Somebody thinks it makes no sense to add this feature, but it is really a delicious sugar!(Syntactic sugar I mean) For instance, please see the following code.

#include <iostream>
#include <vector>
#define CPP98
using std::cout;
using std::endl;
int main() {
  int arr[10] = {};
  for (int i = 0; i < 10; ++i) {
    arr[i] = i;
  }
  std::vector<int> v(arr, arr + 10);
#ifdef CPP98
  for (std::vector::iterator it = v.begin(); it != v.end(); ++it) {
    cout << *it << " ";
  }
  cout << endl;
#endif

#ifdef CPP11
  for (auto it = v.begin(); it != v.end(); ++it) {
    cout << *it << " ";
  }
  cout << endl;
#endif

  return 0;
}

At the first time I compile it, I got some compile errors, such as

main2.cpp:13:13: error: ‘template<class _Tp, class _Alloc> class std::vector’ used without template parameters
   for (std::vector::iterator it = v.begin(); it != v.end(); ++it) {
             ^
main2.cpp:13:30: error: expected ‘;’ before ‘it’
   for (std::vector::iterator it = v.begin(); it != v.end(); ++it) {
                              ^
main2.cpp:13:46: error: ‘it’ was not declared in this scope
   for (std::vector::iterator it = v.begin(); it != v.end(); ++it) {
                                              ^

Finally I found that I didn't give the template to vector.

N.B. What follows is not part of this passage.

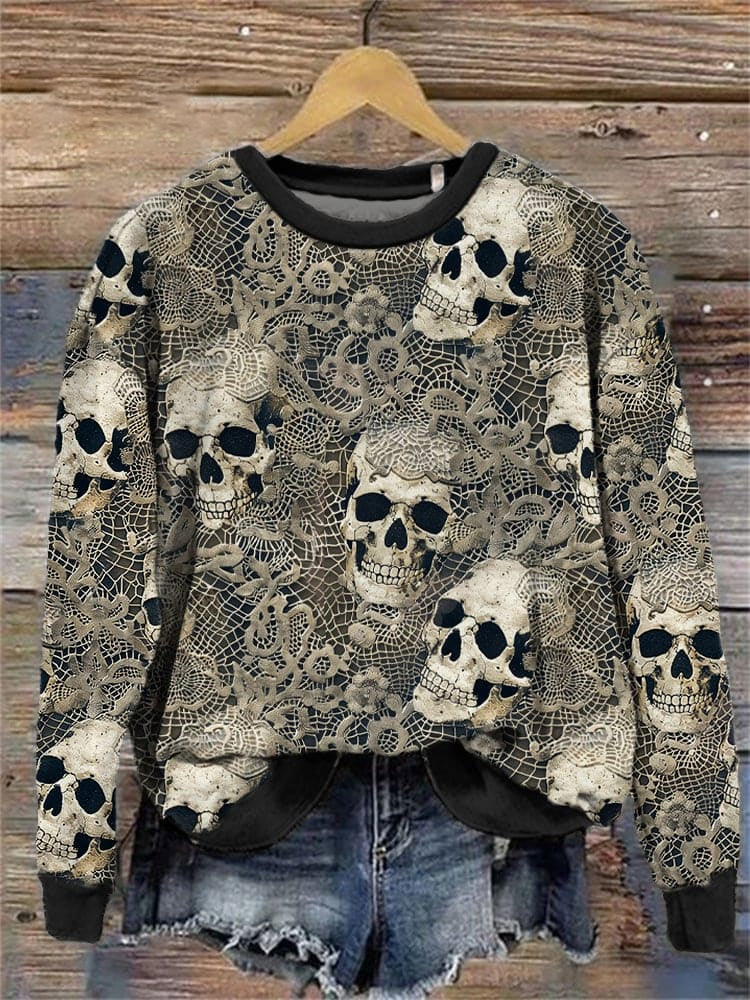 Chemise inspiration vintage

But if I use auto, it won't annoy me. And when we use some libraries, for example, cocos2d-x. It use factory mode to produce instance, so auto is used generally.

---

The final and correct code:

#include <iostream>
#include <vector>
#define CPP11
using std::cout;
using std::endl;
int main() {
  int arr[10] = {};
  for (int i = 0; i < 10; ++i) {
    arr[i] = i;
  }
  std::vector<int> v(arr, arr + 10);
#ifdef CPP98
  for (std::vector<int>::iterator it = v.begin(); it != v.end(); ++it) {
    cout << *it << " ";
  }
  cout << endl;
#endif

#ifdef CPP11
  for (auto it = v.begin(); it != v.end(); ++it) {
    cout << *it << " ";
  }
  cout << endl;
#endif

  return 0;
}

[DaddyTrap]

Chapter 2: Lambda expression

Lambda expression is a really new part in C++11. It is said that this feature is inspired by Functional Programming. This expression support Anonymous function(匿名函数). Let's see the expression.

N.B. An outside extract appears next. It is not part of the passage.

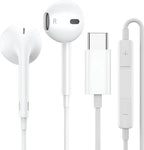 Type C iPhone Handsfree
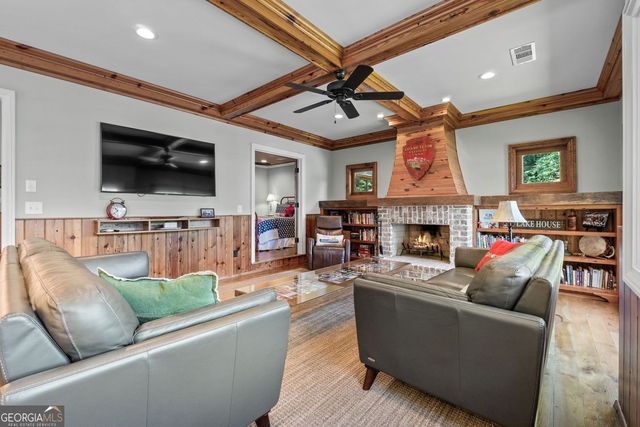 170 Tater Hill Road, Jackson, GA 30233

capture -> return_type { function_body } // from wiki

With this, we can simply declare a function and use it.

// declare
auto func = [a](int b) -> int {
  return a + b;
};
// use it
cout << func(10) << endl;

capture means this function can catch some variables including global variables and use them in the function body before it. capture有翻译为“捕获”，指可以捕获上文的一些变量在函数体中使用，包括全局变量。 parameters are the parameters, the same as what we usually use. parameter 参数，就是平常用的参数。 return_type is the type that the function return, same 返回类型，一样的 function_body, same 函数体，一样……

Then let's concentrate on capture.....

#include <iostream>
using std::cout;
using std::endl;
int global = 3;
int main() {
  int temp = 1;
  auto func1 = [global, temp]() -> int {
    return global + temp;
  };
  cout << func1() << endl;
  return 0;
}

output:

4

This is a simple example. The function "catch" global and temp and return their sum.

When we try catching the variable after the lambda expression, it can't find it.

#include <iostream>
using std::cout;
using std::endl;
int global = 3;
int main() {
  auto func1 = [global, temp]() -> int {
    return global + temp;
  };
  int temp = 1;  // put after the lambda expression
  cout << func1() << endl;
  return 0;
}

lambda.cpp:6:25: error: ‘temp’ was not declared in this scope
   auto func1 = [global, temp]() -> int {
                         ^
lambda.cpp: In lambda function:
lambda.cpp:7:21: error: ‘temp’ is not captured
     return global + temp;
                     ^

If you want to catch all the variable by value, you can use =.

#include <iostream>
using std::cout;
using std::endl;
int global = 3;
int main() {
  int temp = 1;
  auto func1 = [=]() -> int {  // change the variable names to "="
    return global + temp;
  };
  cout << func1() << endl;
  return 0;
}

output:

4

If you want to catch them by reference, use &.

#include <iostream>
using std::cout;
using std::endl;
int global = 3;
int main() {
  int temp = 1;
  auto func1 = [&]() -> int {
    temp = 2;
    return global + temp;
  };
  cout << func1() << endl;
  cout << "temp: " << temp << endl;
  return 0;
}

output:

5
temp: 2

Now the basic knowledge is above.

---

[DaddyTrap]

Chapter 3: R-value references and move constructors

R-value reference

First we have to understand what is L-value(左值) and R-value(右值). Generally, L-value is the value on the left of an assignment character "=", R-value is the value on the right. But this statement is not very reasonable.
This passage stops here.